## SOURCE MATERIAL
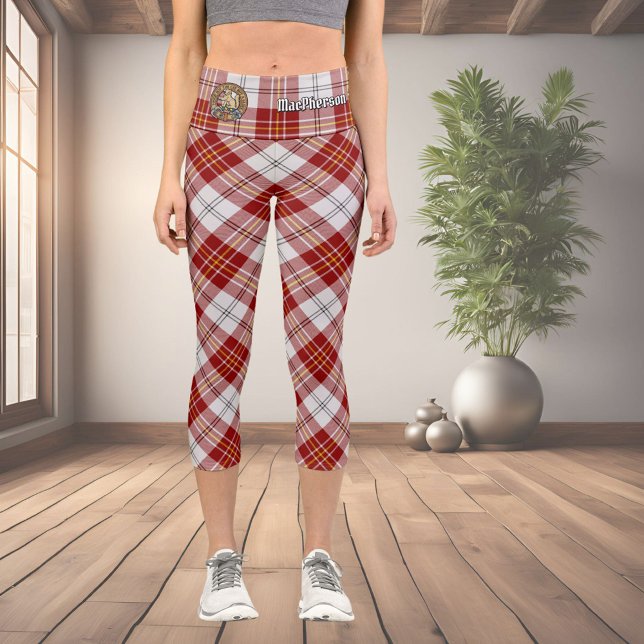 Clan MacPherson Red Dress Tartan Capri Leggings (Von Creator hochgeladen)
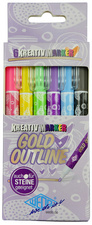 Image WEDO Kreativmarker GOLD + OUTLINE, 6er Etui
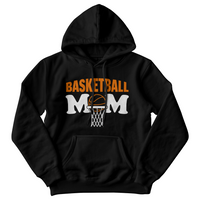 Gildan 18500 Unisex Black Hooded Sweatshirt Front Print - Mother's Day Gift - Basketball Mom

## ACTIVITY
All the material above should be written out exactly, with images omitted.

## REPLY
 Clan MacPherson Red Dress Tartan Capri Leggings (Von Creator hochgeladen)
 Image WEDO Kreativmarker GOLD + OUTLINE, 6er Etui
 Gildan 18500 Unisex Black Hooded Sweatshirt Front Print - Mother's Day Gift - Basketball Mom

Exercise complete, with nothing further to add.